Keine Stunde später erleidet mein Vater den nächsten Schwächeanfall, er bricht im Beisein des Begleiters im Bad zusammen, gemeinsam schleppen wir unter vielen Mühen den sich steif machenden Vater ins Bett. Ich wähle den Notruf. Mein Helfer muss jetzt zum nächsten Einsatz, nun bin ich mit dem Vater allein. Ich bin wildest entschlossen, einen stationären Aufenthalt im Krankenhaus zu "erzwingen" - es ist pure Verzweiflung, die mich antreibt: Ich packe den Notrucksack, eile immer wieder zum Fenster, ob die Rettung kommt, versorge den Vater mit Essen (er verlangt schon grantig danach, will andauernd aufstehen, weist an, was noch und noch ins Krankenhaus mit muss.) Schließlich ist die Rettung da, ich erkläre, dass er unbedingt ins Krankenhaus muss, das Verständnis des Teamleiters tut mir gut. Wieder sitze ich mit im Einsatzfahrzeug, ich telefoniere, um die mobile Heimbetreuung zu informieren. Vom Krankenhaus, das Aufnahme hätte, werden wir ins nächste verwiesen. Das Personal ist knapp, es dürfen nur nötigste Notfälle aufgenommen werden, man will sehen, wie es im nächsten Krankenhaus vorangeht. Das ist mir recht, dort war der Vater im Vorjahr, nach dem Schlaganfall. Man kennt ihn schon, es gibt auch ein psychologisches Gutachten zu seinem Verhalten. Ich spreche auf den alten Herrn ein, flehe ihn an, mich reden zu lassen, denn ich weiß, dass er sich "zusammenreißen" wird, er wird alles tun, um "normal" zu wirken. Einerseits sucht er geradezu krampfhaft die Aufmerksamkeit von Ärzt*innen, andererseits kann er im Krankenhaus nicht so tun, wie er will.
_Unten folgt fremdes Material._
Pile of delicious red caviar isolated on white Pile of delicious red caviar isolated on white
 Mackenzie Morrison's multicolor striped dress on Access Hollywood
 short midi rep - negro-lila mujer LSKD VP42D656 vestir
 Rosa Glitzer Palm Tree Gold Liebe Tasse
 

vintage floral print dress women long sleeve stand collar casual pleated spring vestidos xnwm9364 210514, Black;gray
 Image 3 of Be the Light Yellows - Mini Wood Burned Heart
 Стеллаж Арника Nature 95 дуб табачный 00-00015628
Ich möchte aber unbedingt, dass er aufgenommen wird. Wir müssen Zeit gewinnen, wir brauchen helfende Hände, um ihn in ein Heim zu überstellen, er kann nicht mehr in der Wohnung bleiben (wir Kinder haben das vor zwei Monaten noch anders eingeschätzt ...) Das sieht auch der Arzt so, der das Anamnesegespräch führt. Er durchschaut den alten Herrn rasch und spürt meine Verzweiflung. Der Arzt fragt, ob wir schon einen Heimantrag ausgefüllt haben? Ich erkläre, das ganze sei vorbereitet, aber kompliziert. Warum, möchte der Arzt wissen? Ja, weil der alte Mann nicht einsieht, dass ein Heim kein Hotel ist, dass man das Zimmer sowie das Haus annehmen muss, das angeboten wird (auch, wenn Mann nicht aus drei Menüs wählen kann), dass man auch ein Zimmer mit einem Fenster zur Straße akzeptieren muss, dass es fixe Zeiten für fixe Abläufe gibt, usw.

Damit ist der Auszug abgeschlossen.